Similarly, the Umayyad Mosque itself underwent reconstruction during Hafez’s rule. It sits deep within the maze of streets of the Old City, and to approach it through the narrow Hamidiyya Souq, Hafez had to expose himself to assassination attempts. Instead, he bulldozed a corridor from the northwest, destroying buildings and paying zero regard to the palimpsest of history that he tore to smithereens in the process. Rabbat points out that Hafez outfitted the mosque with a pro-Assad plaque, and that the plaque resembles one from 1490 mentioning Sultan Qaitbay, “another despot.”
Damascus has been overrun before, by colonial, Arab, and Crusader armies, and it has always survived—one might even say flourished, since palimpsests require erasure between inscriptions. But modern bombs, rockets, and Kalashnikovs do much more damage than the musketry and swords of yore. And street-by-street fighting of the sort we saw in Aleppo or Najaf could mean wreckage of not only monuments but also ways of life. Certain things can be rebuilt or reconstructed, but when a city is utterly wrecked, the discontinuity can become too great, especially if the reconstruction is overplanned or aimed at tourists.

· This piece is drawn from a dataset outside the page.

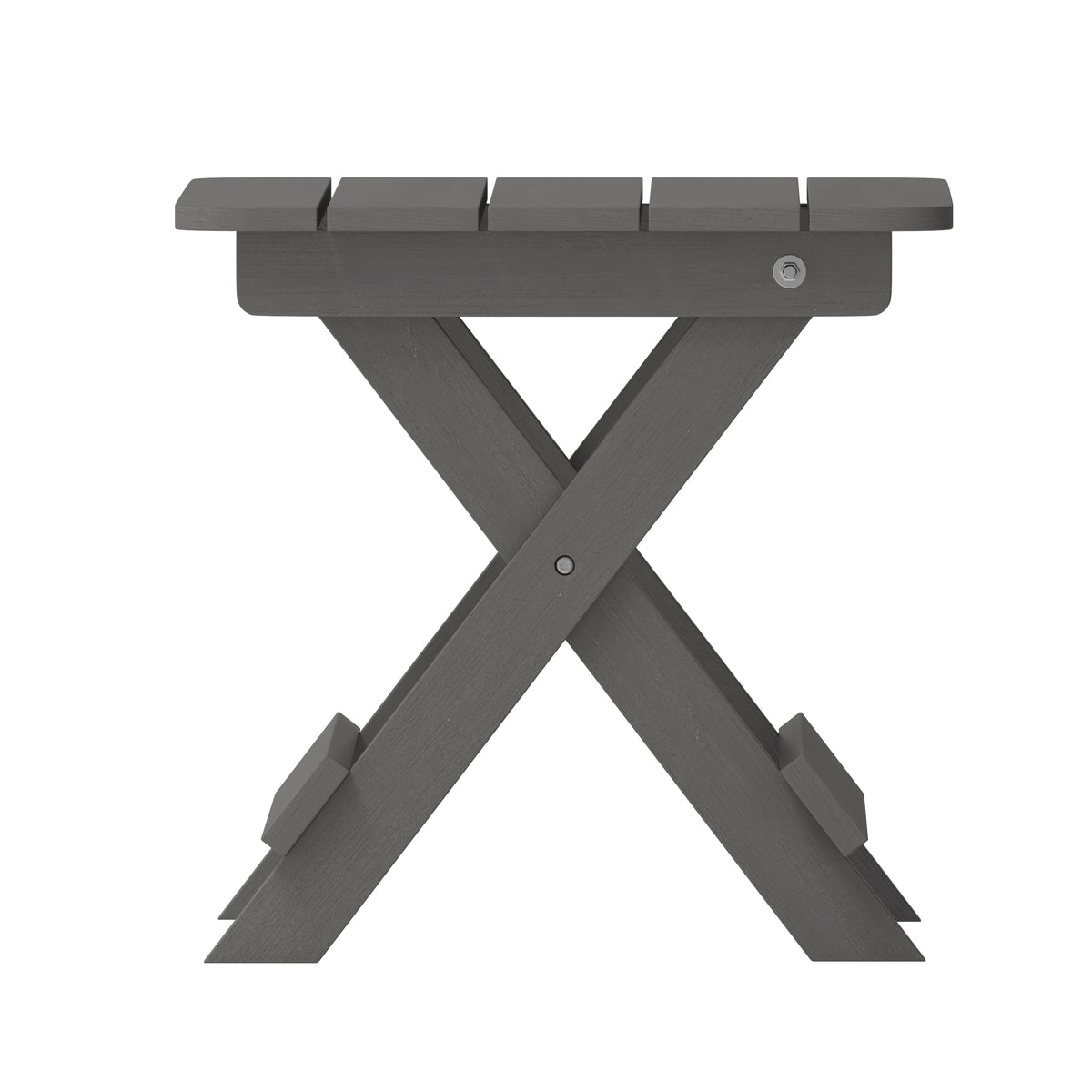 Halifax Outdoor Folding Side Table, Portable All-Weather HDPE Adirondack Side Table in Gray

“These monuments are very much a part of the daily fabric of people’s lives, in a way that may not be the same after the war,” Stephennie Mulder, an art historian at the University of Texas and former Damascus resident, told me. Historical sites obscure to scholars are known to cab drivers and shopkeepers, and the modern life of the city blends uncommonly well with the past. She mentioned Qaimeriyya Street, just east of the Umayyad Mosque. Its most famous cafe, Nawfara, still has a storyteller on staff, in the dying comic-epic bard tradition known in the Levant as hakawati. The cafe has been there for at least 200 years, and Mulder has found evidence of its fountain (“nawfara” means “fountain”) in the 14th century.
“The buildings are still very much functioning in their traditional ways and interwoven into Damascene lives,” Mulder said. The great danger in the short term will be physical and human destruction. Over the long-term, though, if the city ceases to be a living place for Syrians, that will be a cause for sorrow as well, she said. “It would break my heart to see Damascus become Dubrovnik.”